# EXERCISE DETAILS
Please repeat the data exactly. Any picture in it stays out.

DATA EXCERPT START

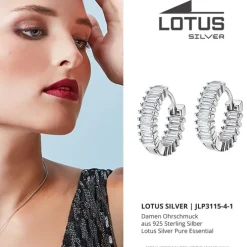 LOTUS Silver Creolen Zirkoniastein 925 Silber Pure Essential JLP3115-4-1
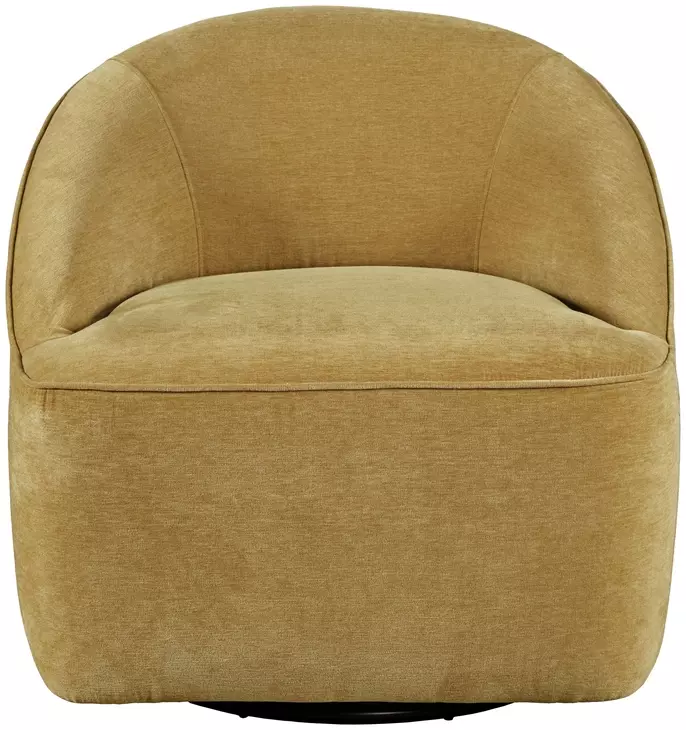 Lulu Gold Upholstered Swivel Accent Chair
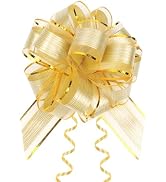JOYIT 10 Pack Large Pull Bows 6 Inch - Big Gold Bows for Gift Wrapping, Ribbon Pull Bows for Moth...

DATA EXCERPT END

# REPLY
 LOTUS Silver Creolen Zirkoniastein 925 Silber Pure Essential JLP3115-4-1
 Lulu Gold Upholstered Swivel Accent Chair
JOYIT 10 Pack Large Pull Bows 6 Inch - Big Gold Bows for Gift Wrapping, Ribbon Pull Bows for Moth...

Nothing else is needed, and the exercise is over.